Blocking fusion at the intermediate state of F. (A) HPIV3 F ectodomain in post-fusion conformation (PDB 1ZTM), with the inhibitory peptide shown coassembled with HPIV3-HRN underneath (PDB 6NRO) (Outlaw et al., 2020a). This inhibitory peptide mimics the post-fusion state blocking F in the intermediate state. (B left panel) Schematic of lipid-conjugated inhibitory peptide inserting into the target cell membrane via their lipid tails and “locking” the extended F in its transient intermediate state, preventing refolding to the post-fusion conformation (Marcink et al., 2020b). (B right panel) Contrast-inverted images where viral particles can be observed attached to target erythrocyte fragment membranes.

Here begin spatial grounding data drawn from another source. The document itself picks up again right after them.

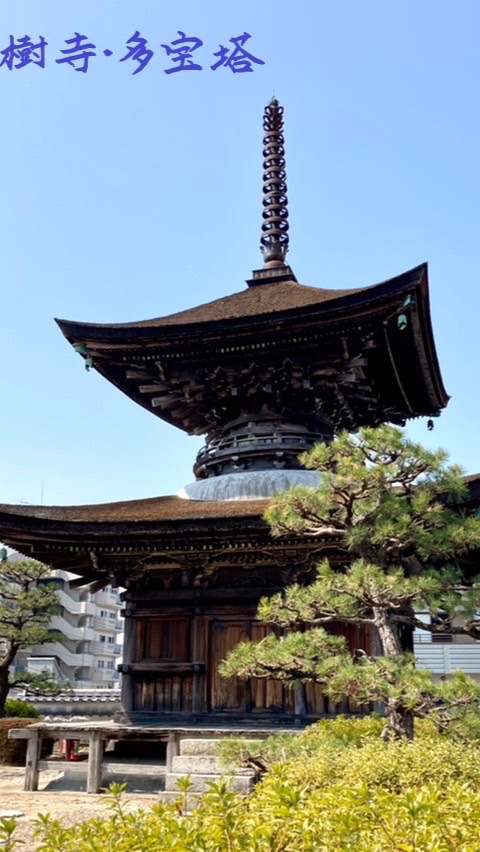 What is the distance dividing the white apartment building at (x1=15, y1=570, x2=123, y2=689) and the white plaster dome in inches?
1709

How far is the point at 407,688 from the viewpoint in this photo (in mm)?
8297

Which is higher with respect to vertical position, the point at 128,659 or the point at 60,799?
the point at 128,659

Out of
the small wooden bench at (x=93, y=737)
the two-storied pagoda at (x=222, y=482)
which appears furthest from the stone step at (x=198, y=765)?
the two-storied pagoda at (x=222, y=482)

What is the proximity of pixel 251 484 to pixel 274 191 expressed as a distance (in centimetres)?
900

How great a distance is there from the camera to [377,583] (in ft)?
29.7

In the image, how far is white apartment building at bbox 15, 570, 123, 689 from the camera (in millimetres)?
58062

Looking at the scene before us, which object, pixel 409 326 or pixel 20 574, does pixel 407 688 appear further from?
pixel 20 574

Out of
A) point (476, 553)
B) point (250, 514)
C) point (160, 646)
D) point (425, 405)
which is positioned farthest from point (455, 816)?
point (425, 405)

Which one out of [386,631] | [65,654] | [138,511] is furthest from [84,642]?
[386,631]

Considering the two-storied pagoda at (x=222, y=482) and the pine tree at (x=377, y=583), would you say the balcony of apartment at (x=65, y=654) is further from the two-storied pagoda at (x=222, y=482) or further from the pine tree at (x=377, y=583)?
the pine tree at (x=377, y=583)

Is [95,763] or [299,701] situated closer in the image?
[299,701]

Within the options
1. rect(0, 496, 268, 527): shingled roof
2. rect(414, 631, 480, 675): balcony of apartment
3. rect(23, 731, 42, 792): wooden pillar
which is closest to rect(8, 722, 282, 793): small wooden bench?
rect(23, 731, 42, 792): wooden pillar

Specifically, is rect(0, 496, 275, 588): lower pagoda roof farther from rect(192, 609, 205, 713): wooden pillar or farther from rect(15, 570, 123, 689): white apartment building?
rect(15, 570, 123, 689): white apartment building

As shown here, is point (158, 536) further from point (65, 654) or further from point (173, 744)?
point (65, 654)
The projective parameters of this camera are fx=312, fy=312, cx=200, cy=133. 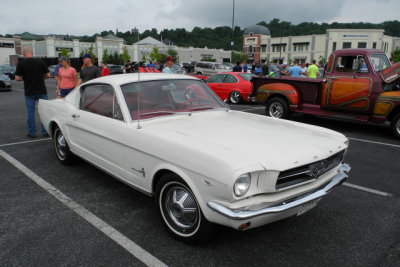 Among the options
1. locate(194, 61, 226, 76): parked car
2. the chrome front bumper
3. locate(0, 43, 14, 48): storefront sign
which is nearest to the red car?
the chrome front bumper

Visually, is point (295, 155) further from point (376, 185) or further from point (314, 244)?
point (376, 185)

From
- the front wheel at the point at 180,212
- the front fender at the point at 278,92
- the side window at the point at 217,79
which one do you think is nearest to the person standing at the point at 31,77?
the front wheel at the point at 180,212

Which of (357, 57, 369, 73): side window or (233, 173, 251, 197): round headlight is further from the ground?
(357, 57, 369, 73): side window

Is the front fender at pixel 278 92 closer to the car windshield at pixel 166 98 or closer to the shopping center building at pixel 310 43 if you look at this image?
the car windshield at pixel 166 98

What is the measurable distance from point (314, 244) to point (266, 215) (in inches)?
34.8

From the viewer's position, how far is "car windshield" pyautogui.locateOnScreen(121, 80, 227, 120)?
11.7ft

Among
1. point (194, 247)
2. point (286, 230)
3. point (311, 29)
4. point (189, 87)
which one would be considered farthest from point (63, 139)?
point (311, 29)

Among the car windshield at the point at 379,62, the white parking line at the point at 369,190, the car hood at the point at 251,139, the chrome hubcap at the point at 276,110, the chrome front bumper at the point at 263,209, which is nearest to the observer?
the chrome front bumper at the point at 263,209

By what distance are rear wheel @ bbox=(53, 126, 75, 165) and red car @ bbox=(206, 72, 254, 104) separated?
29.4ft

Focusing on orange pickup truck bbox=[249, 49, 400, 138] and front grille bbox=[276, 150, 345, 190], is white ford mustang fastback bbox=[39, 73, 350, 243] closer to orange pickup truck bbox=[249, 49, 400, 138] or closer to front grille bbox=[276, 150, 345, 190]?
front grille bbox=[276, 150, 345, 190]

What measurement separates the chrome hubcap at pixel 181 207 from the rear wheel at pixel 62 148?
2.53 metres

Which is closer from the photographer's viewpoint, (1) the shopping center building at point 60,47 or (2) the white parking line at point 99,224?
(2) the white parking line at point 99,224

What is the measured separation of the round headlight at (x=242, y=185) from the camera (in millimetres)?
2359

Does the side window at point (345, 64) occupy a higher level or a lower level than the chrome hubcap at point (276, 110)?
higher
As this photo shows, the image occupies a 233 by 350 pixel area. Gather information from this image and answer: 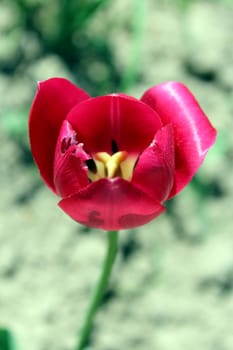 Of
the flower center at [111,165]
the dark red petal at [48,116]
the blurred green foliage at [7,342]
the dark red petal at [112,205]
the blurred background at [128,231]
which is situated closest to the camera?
the dark red petal at [112,205]

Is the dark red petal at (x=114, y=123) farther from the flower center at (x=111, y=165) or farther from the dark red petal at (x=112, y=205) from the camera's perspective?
the dark red petal at (x=112, y=205)

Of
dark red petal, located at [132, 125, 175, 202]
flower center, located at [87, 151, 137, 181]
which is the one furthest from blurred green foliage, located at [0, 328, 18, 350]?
dark red petal, located at [132, 125, 175, 202]

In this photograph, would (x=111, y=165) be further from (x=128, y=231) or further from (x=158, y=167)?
(x=128, y=231)

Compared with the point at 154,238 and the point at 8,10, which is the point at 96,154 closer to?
the point at 154,238

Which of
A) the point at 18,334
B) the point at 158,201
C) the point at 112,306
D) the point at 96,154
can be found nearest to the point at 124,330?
the point at 112,306

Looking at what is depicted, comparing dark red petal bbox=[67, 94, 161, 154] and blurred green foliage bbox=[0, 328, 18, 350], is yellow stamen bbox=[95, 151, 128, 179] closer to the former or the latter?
dark red petal bbox=[67, 94, 161, 154]

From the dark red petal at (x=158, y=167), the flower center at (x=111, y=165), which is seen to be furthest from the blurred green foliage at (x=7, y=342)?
the dark red petal at (x=158, y=167) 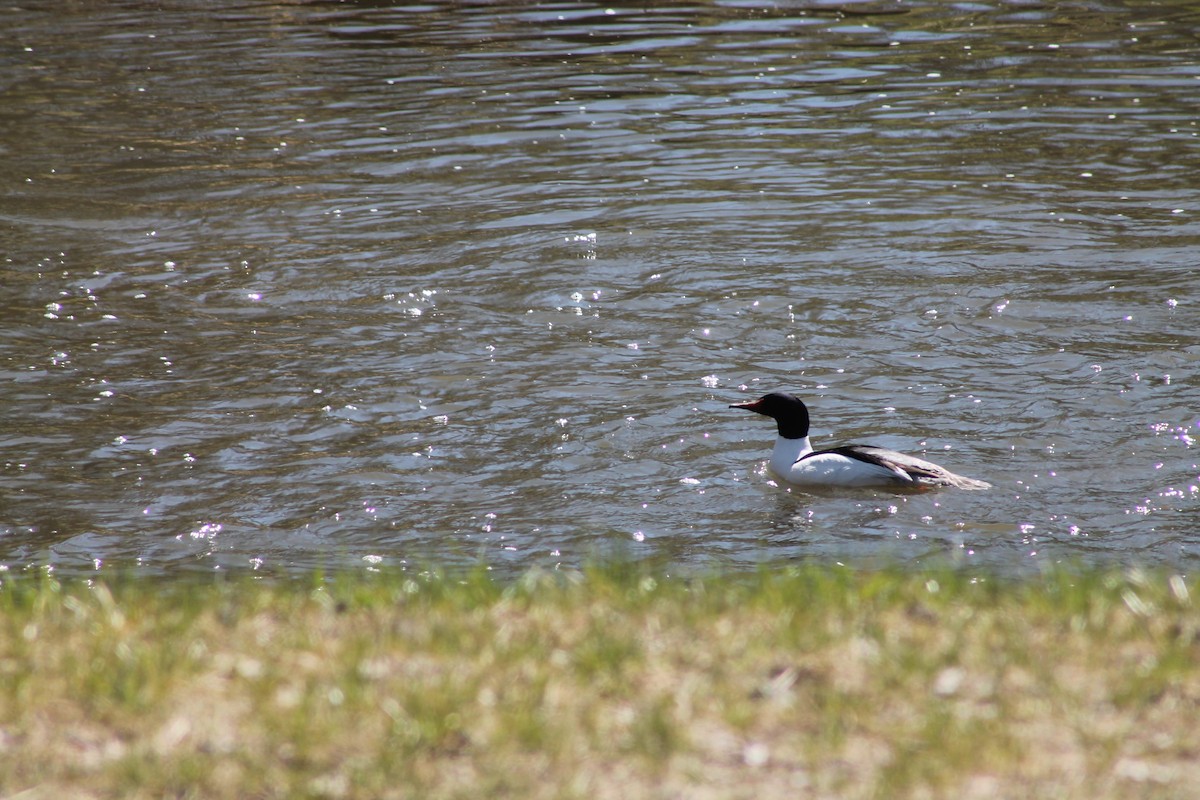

Enlarged region of interaction between the viral and target erythrocyte fragment membranes show elongated densities linking both membranes. Panel (A): Adapted from Outlaw, V.K., Kreitler, D.F., Stelitano, D., Porotto, M., Moscona, A., Gellman, S.H., 2020. Effects of single alpha-to-beta residue replacements on recognition of an extended segment in a viral fusion protein. ACS Infect. Dis., with permission. Panel (B): From Marcink, T.C., Wang, T., des Georges, A., Porotto, M., Moscona A., 2020. Human parainfluenza virus fusion complex glycoproteins imaged in action on authentic viral surfaces. PLoS Pathog. 16 (9), e1008883, with permission.